The firm’s investigators discovered that Dean Porat and other Fox personnel made clear that improving or maintaining Fox’s position in rankings was a key priority. “Fox had in place a concerted, rankings-focused strategy including detailed analyses of U.S. News’s rankings methodology and strategies tied to specific U.S. News data metrics, which strategy was promoted internally by the Dean and other Fox personnel,” the investigation found. “The environment fostered by the school’s emphasis on rankings contributed to the reporting of inaccurate information to U.S. News. Moreover, the Dean’s focus on rankings, coupled with his personal management style, caused Fox personnel who interacted with the Dean on ranking-related matters to feel pressure to perform in this regard.”

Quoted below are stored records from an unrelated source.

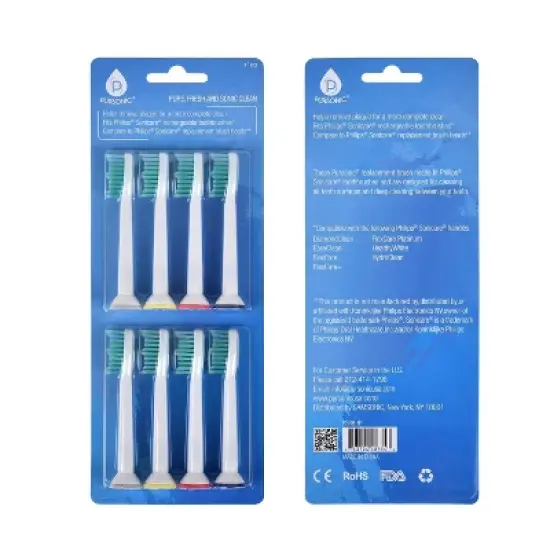 Pursonic Generic  Sonicare Replacement Toothbrush Heads - 8ct image {3}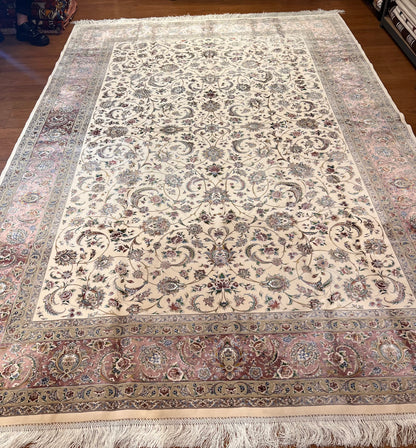 Luxury Turkish Bamboo Silk Area Rug 6.5x9.8 ft, Cream Floral Oriental Hereke Style Rug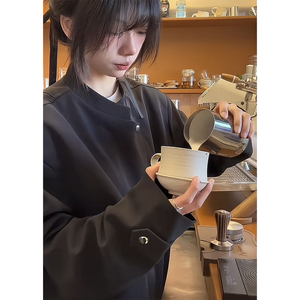 现货~解构活页设计按钮斜门襟不对称新中式垫肩夹克 XZ12-P108图片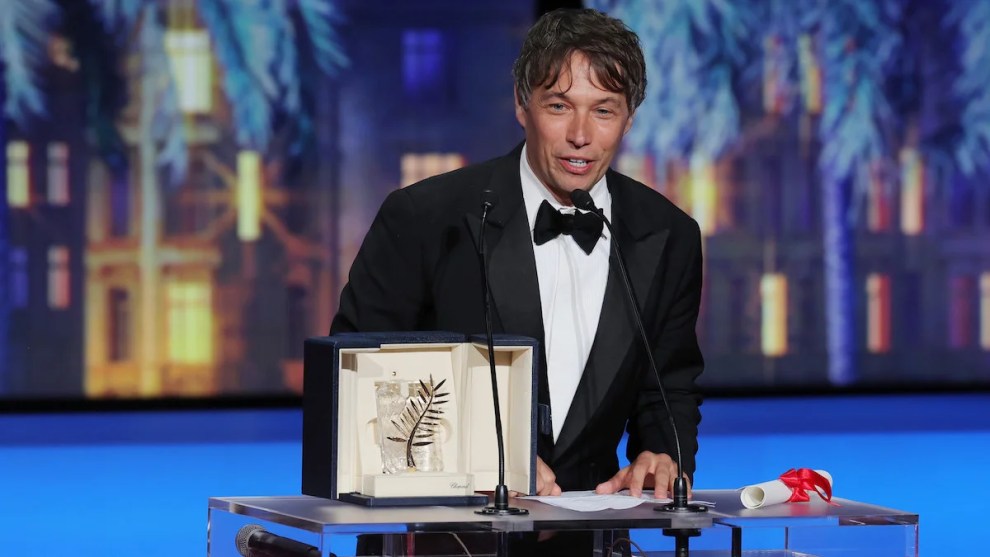 Sean Baker receives the 'Palme D'Or' Award for "Anora" during the 77th annual Cannes Film Festival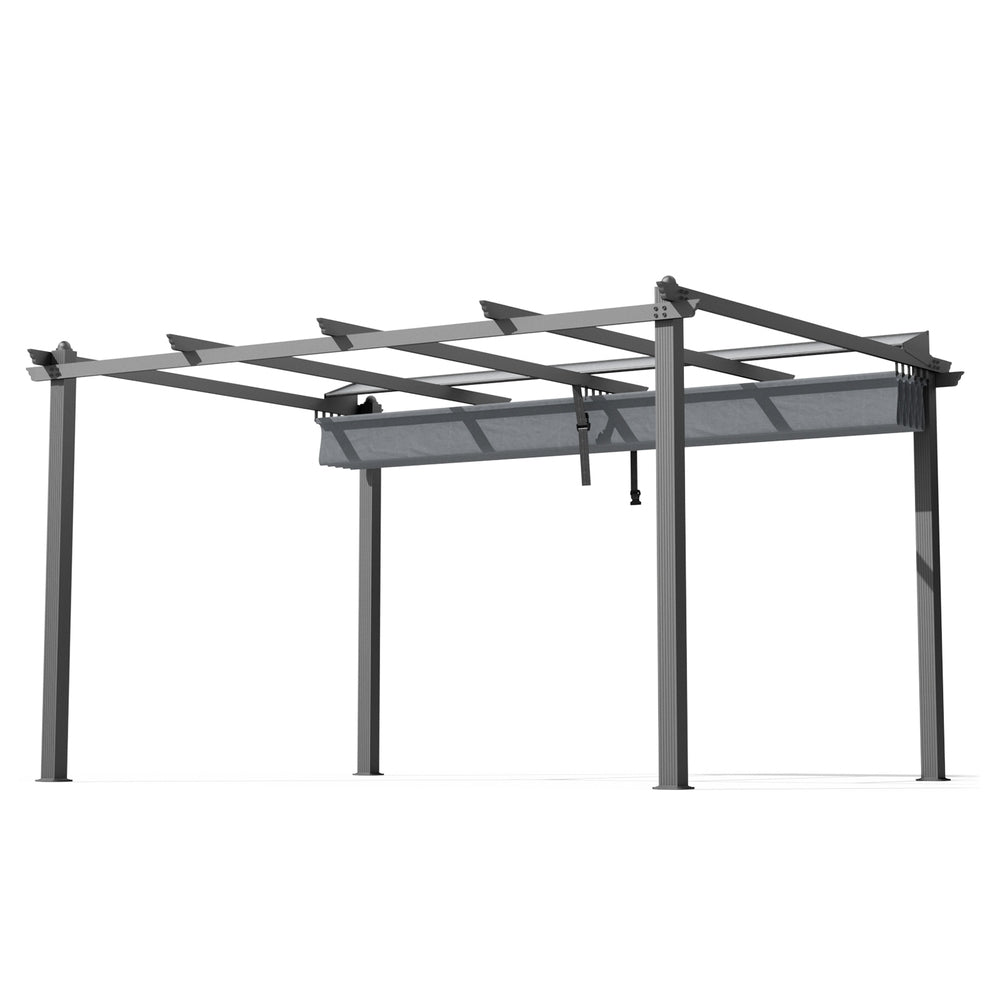 Instahut Gazebo Outdoor Garden Pergola Aluminium Frame Adjustable Canopy 3x4m Grey 3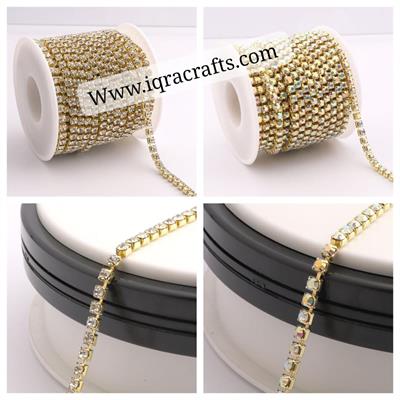 4 Gaz (2 Gaz Each)Super Shinny Crystal Rhinestones DIY Jewellery Gold Color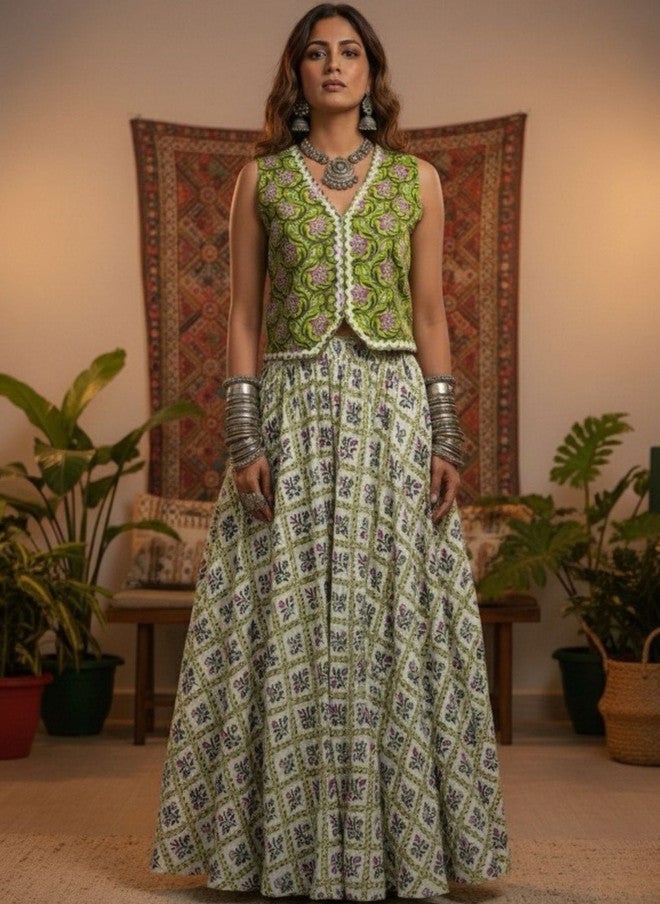 WineRed Floral Printed Pure Cotton Waistcoat and Skirt Co-Ord Set - Image 1
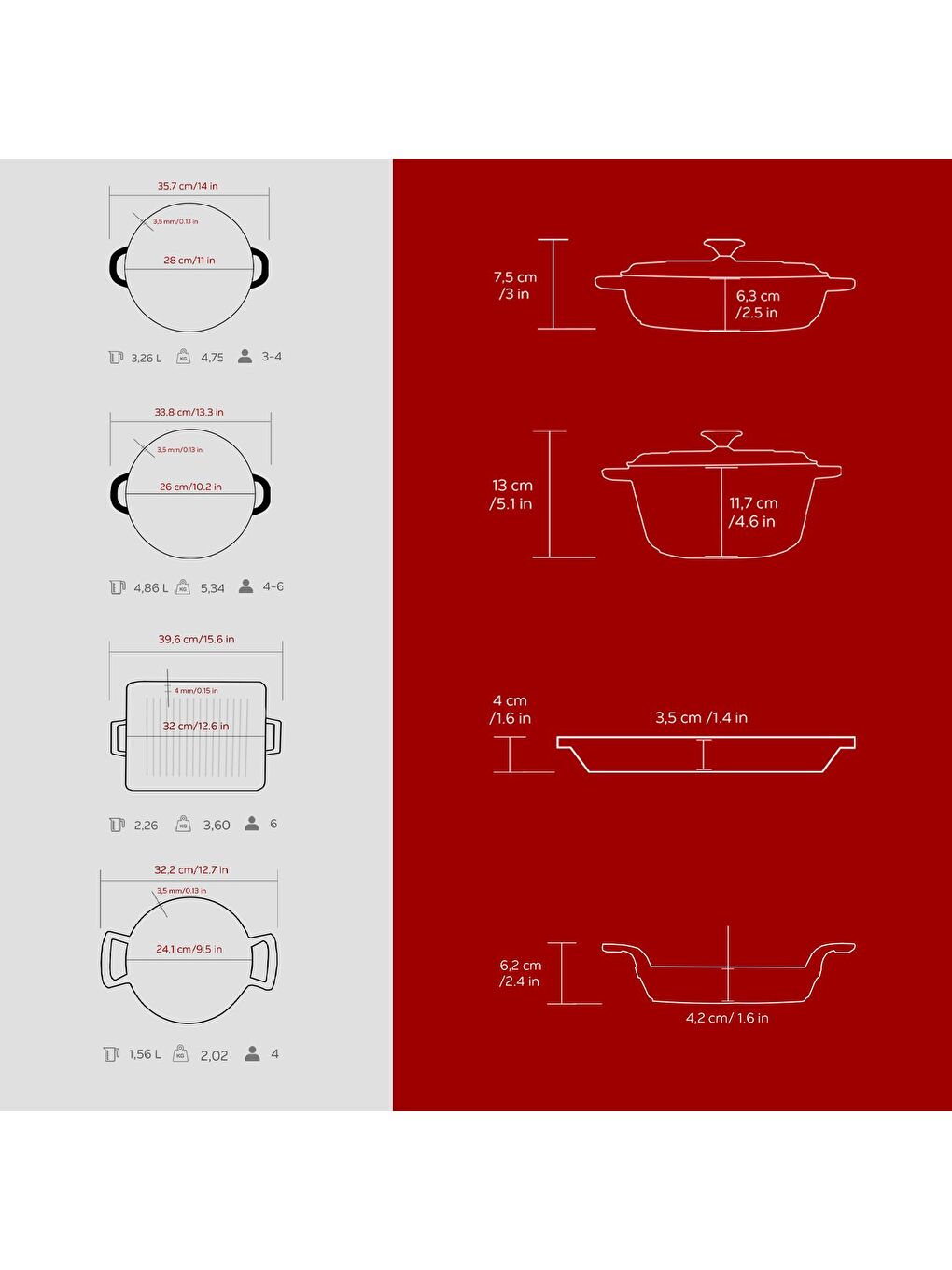 Bordo Döküm 7 Parça Set – Tencere, Sahan ve Izgara ile Şef Dokunuş-4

Incensed, Porat would ultimately file a $25 million defamation suit in May of 2019 against his former school and President Englert, an action that would unwittingly result in a series of depositions and disclosures of records that would would help the FBI and the U.S. Attorney General bring their case before a grand jury.

‘TEMPLE TOOK AWAY THE JOB I LOVED, DAMAGED MY HEALTH, AND DESTROYED MY REPUTATION’

“The administration at Temple took away the job I loved, damaged my health, and destroyed my reputation and the legacy of my life’s work I spent decades building,” Porat said in a lengthy statement when he filed his lawsuit. “They did this with a false narrative invented for its expediency in public relations — and to deflect attention from the University’s own role in all of this. I have been made a scapegoat.”

It took a team from the FBI, the US Department of Education Office of Inspector General, and the Postal Inspection Service several years to unravel the fraud. The indictment charges Porat with one count of conspiracy to commit wire fraud and one count of wire fraud. Gottlieb and O’Neill have each been charged with one count of conspiracy to commit wire fraud. If convicted, Porat faces a maximum possible sentence of 25 years in prison, followed by three years of supervised release, and a $500,000 fine. Gottlieb and O’Neill each face a maximum possible sentence of five years in prison, followed by three years supervised release; and a $500,000 fine.

“Moshe Porat knew that burnishing the MBA programs’ rankings would make Fox more competitive, bringing in more students and more dollars,” said Lilian S. Perez, assistant special agent in charge of the FBI’s Philadelphia Division in a statement. “Fudging the school’s data was a means to that end. But countless applicants, students, and donors made big decisions, financial decisions, based on the lies at the heart of this alleged conspiracy. This was an extended and extensive fraud, for which those involved must be held accountable.”

THE FORMER DEAN ‘LOOKS FORWARD TO DEFENDING HIMSELF’

Despite the mounting evidence against him, Porat seems determined to fight the charges until the end. His lawyer issued a statement Friday. “We are disappointed that, after cooperating with the government in its investigation, the United States Attorney’s Office decided to bring these charges, which Dr. Porat vigorously denies,” wrote Porat’s attorney Michael A. Schwartz.

“Dr. Porat dedicated forty years of his life to serving Temple University, first as a faculty member, and ultimately as Dean of the Fox Business School, and he did so with distinction. He looks forward to defending himself against these charges and to clearing his name.”